As Amnesty International has documented, very often these are civil properties—universities, municipal houses—that the Israeli soldiers themselves have been occupying. Of late, media reports note the celebratory demeanor of Israelis concerning images of a huddled mass of Palestinians being forcibly removed from Beit Lahiya in northern Gaza. These reports note a certain satisfaction with the humiliation and destitution of Palestinians.

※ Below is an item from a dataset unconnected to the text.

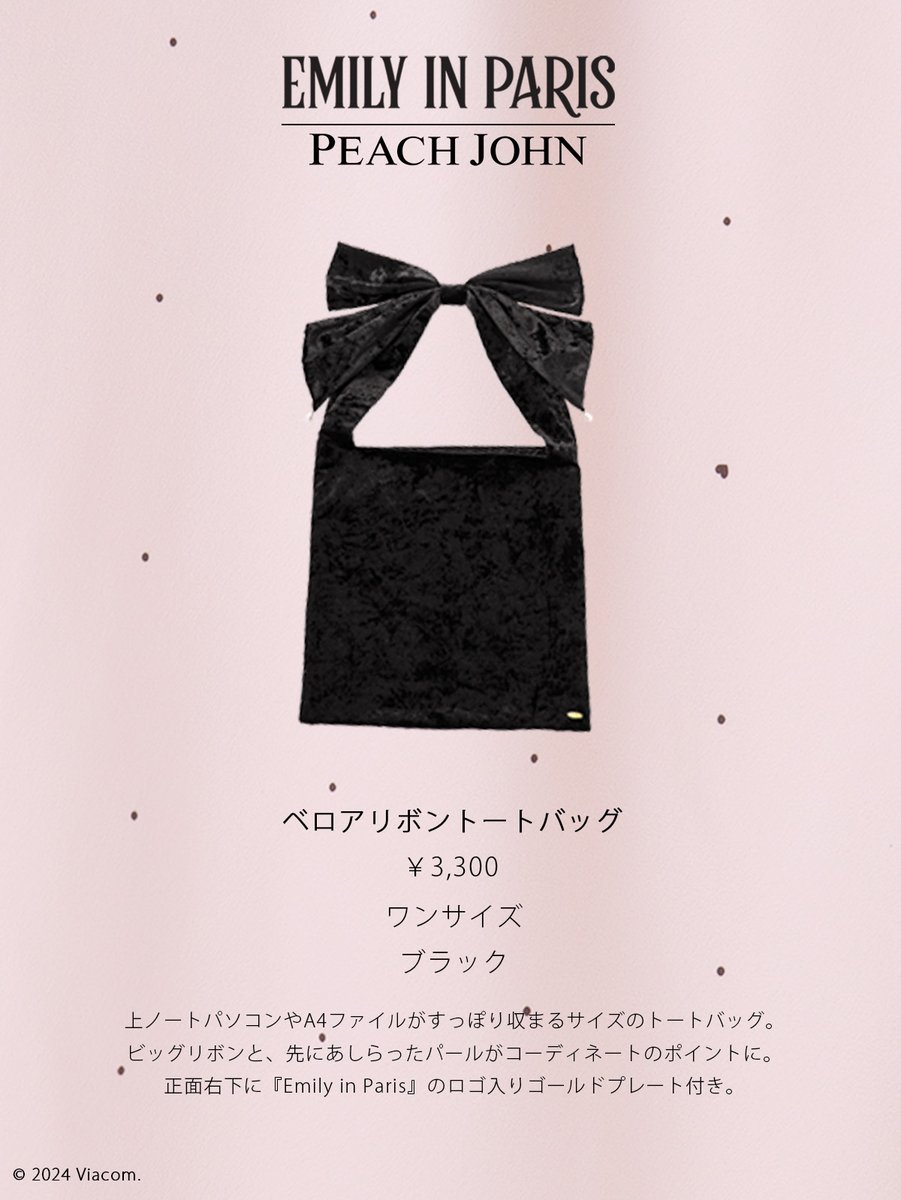 ? Item 5 ?ベロアリボントートバッグ ￥3,300 ワンサイズ ブラック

The mainstream media and its audience in Israel echo this modality of humiliation. Take for example Yaki Adarr: “We’re not leaving Gaza. You will continue to starve, you will continue to die, your homes will continue to burn, your children will continue to live in the mud, in the nylon”. By “nylon”, he means tents. Or another popular media personality, Itamar Fleischmann: “I don’t have mercy on these Gazans. I don’t think that there is anyone in the state of Israel, in greater Israel, that should have mercy on these Gazans, not on the elderly, not on the young, and not on the children. The Gazans, as far as I am concerned, can starve to death. I don’t care about them. Why should we care about the Gazans?” (Both on YouTube).
While we can develop varying markers by which to categorize such videos, I want to suggest that they can be generically labeled as “compulsive humiliation drives”. As such, they resonate with a deep-seated racism directed toward what in the process transpires as the abject Other—Palestinians in the Occupied Territories. Currently, as the genocide in Gaza extends into its second year, this mode of racial humiliation gains sustenance from an apparent "right to unaccountability" Israel enjoys.
It is as though Israeli soldiers can feel good about themselves once they humiliate Palestinians, and once they share such acts of humiliation with their society and the world at large.
Their sense of pride, purpose, and self-respect is somehow dependent on their capacities to maintain a modality of humiliation. They have a pathological need to enter into and fulfil a dynamic of humiliation. Arguably, racism is so entrenched in the psyche of the soldiers that they have to violently humiliate and reduce their captives to some sort of sub-humanity in order to feel their own humanity.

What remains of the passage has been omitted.